The mention of Israel's ancient capital Tirzah in vi. 4 (if the text be correct) as a parallel to Jerusalem, would alone be enough to bring the date below Solomon's time (cf. 1 Kings xiv. 17, xvi. 23). But it is no doubt much later. The Persian word pardes in iv. 13 appears to imply the Persian period, and is used elsewhere only in post-exilic books (Neh. ii. 8; Eccles. ii. 5). Indeed the word appirion in iii. 9 appears to be the Hebraized form of a Greek word phoreion, and if so would almost necessarily imply the Greek period, though the Hebrews may have been acquainted with Greek words, through the Greek settlements in Egypt, as early as the sixth century B.C. Many of the words and constructions, however, are demonstrably late and Aramaic; and the linguistic evidence alone (unless we assume an earlier book to have been worked over in later times) would put the Song hardly earlier than the fourth century B.C. Yet the fact that though a secular writing, it is in Hebrew and not Aramaic, which was rapidly gaining ground, shows that it can hardly be brought down much later. On the whole, probably it is to be placed somewhere between 400 and 300; and its sunny vivacity thus becomes a welcome foil to the austerity of the post-exilic age. If this argument is sound, it follows that the book cannot have been by Solomon. The superscription, i. 1, was no doubt added by a later hand on the basis of the many references to Solomon in the book, iii. 7-11, viii. 11 f, and of the statement in 1 Kings iv. 32 that he was the author of 1,005 songs.

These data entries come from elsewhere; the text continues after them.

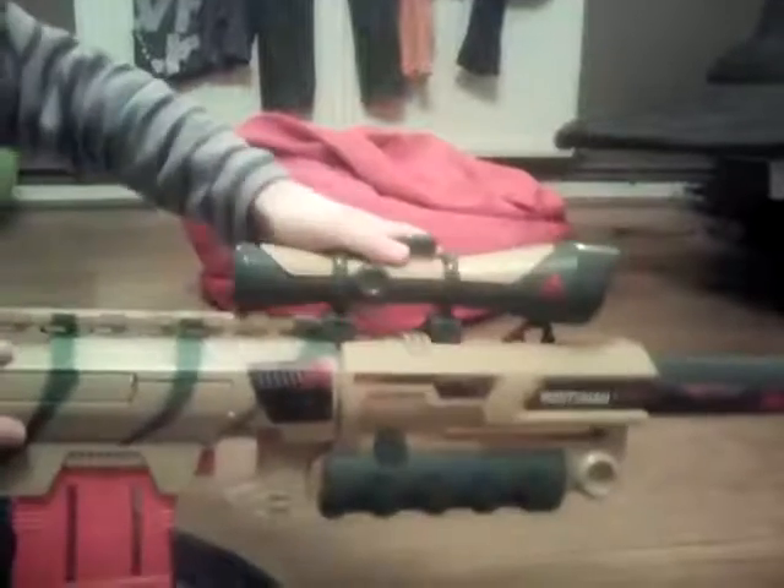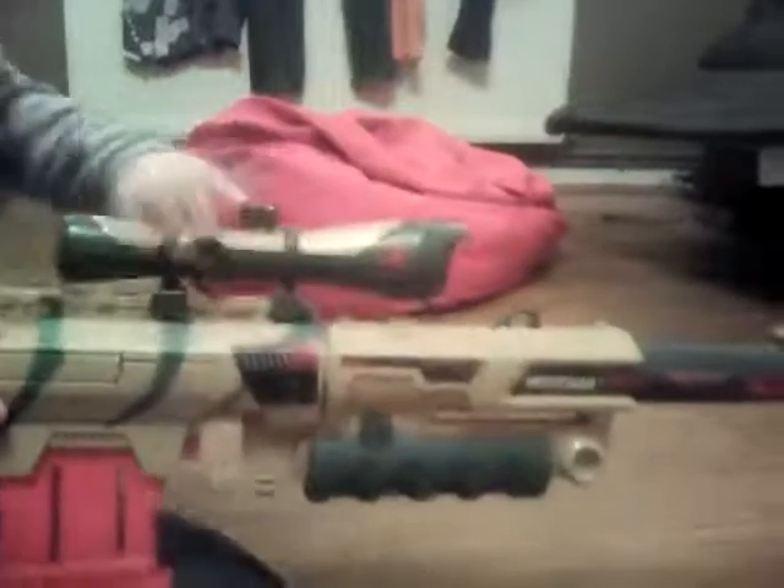You can also put a scope on the end of here. You can adjust it, you can put it like that, you can put it anywhere.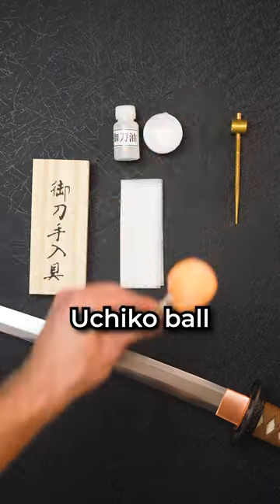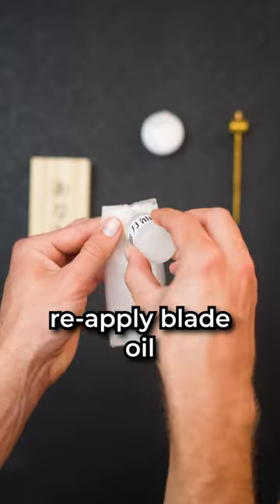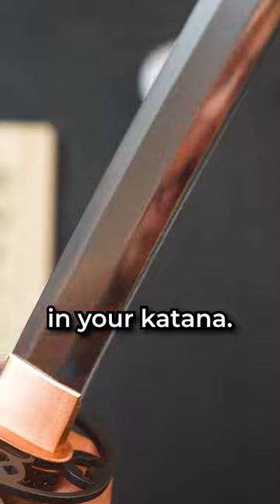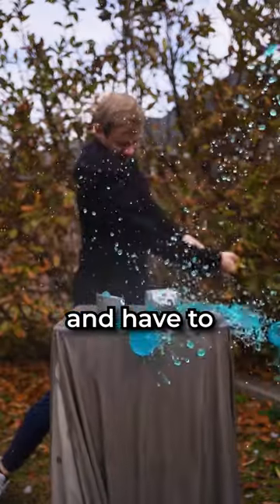Then bounce this Uchiko ball down the blade, using the powder to remove the final layer of oil. Then wipe the powder away, and finally, reapply the blade oil and look at your reflection in your katana, knowing you've done a great cleaning job before you decimate another family of Gatorade and have to clean it again tomorrow.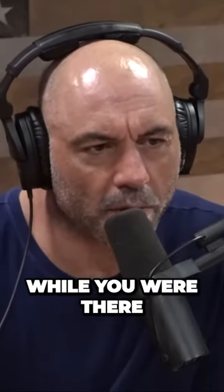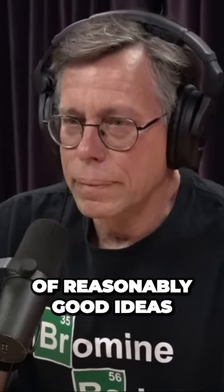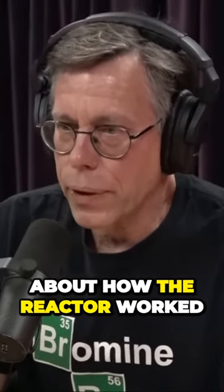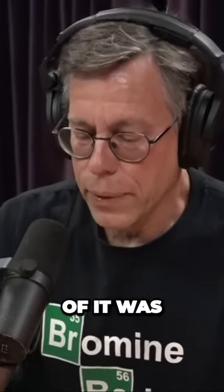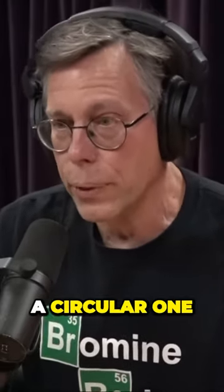What progress was made while you were there? Well, we came up with a bunch of reasonably good ideas about how the reactor worked. And one of them was that the square base of it was essentially like a cyclotron, which is a small particle accelerator, a circular one.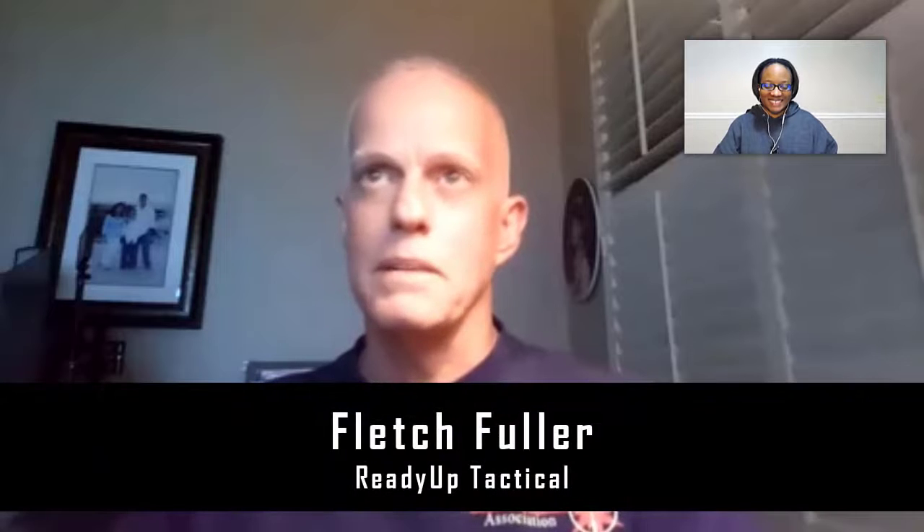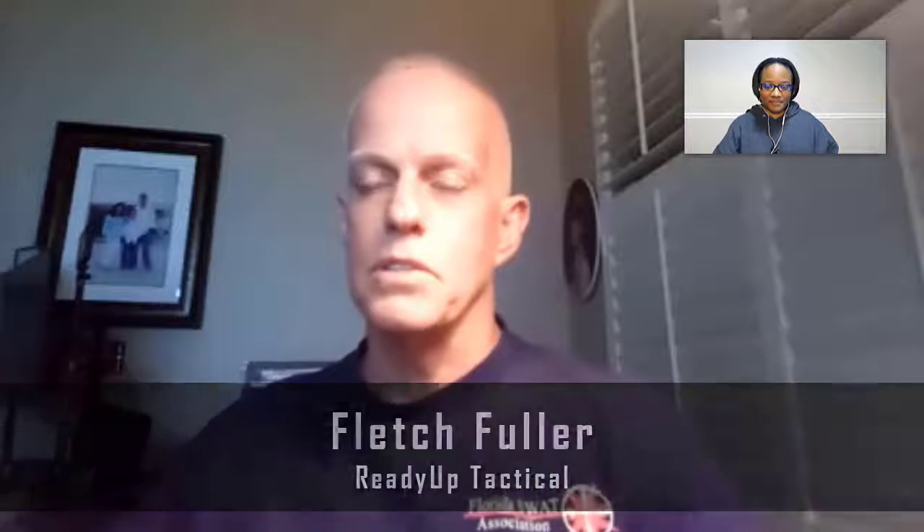I'm doing absolutely fantastic. How are you, Tiff? I'm a little jealous — I want to be doing absolutely fantastic. My new aspiration in life is to be like Fletch when I grow up, so I'll keep working on that. Give me something to strive for. So for folks who don't know you, could you introduce yourself to the TACCON family, please?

Where the songs were composed we cannot tell. The scenes they reflect so vividly are rather those of Israel than of Judah, but the repeated allusions to the daughters of Jerusalem would be most naturally explained if the songs came from Jerusalem or its neighbourhood. With this agree the references to Engedi, Heshbon, Kedar, while the northern places mentioned, Lebanon, Hermon, Gilead, Damascus, are such as would be familiar, at any rate, by reputation, to a Judean.
RUTH
Goethe has characterized the book of Ruth as the loveliest little idyll that tradition has transmitted to us. Whatever be its didactic purpose—and some would prefer to think that it had little or none-it is, at any rate, a wonderful prose poem, sweet, artless, and persuasive, touched with the quaintness of an older world and fresh with the scent of the harvest fields. The love—stronger than country—of Ruth for Naomi, the gracious figure of Boaz as he moves about the fields with a word of blessing for the reapers, the innocent scheming of Naomi to secure him as a husband for Ruth—these and a score of similar touches establish the book for ever in the heart of all who love nobility and romance.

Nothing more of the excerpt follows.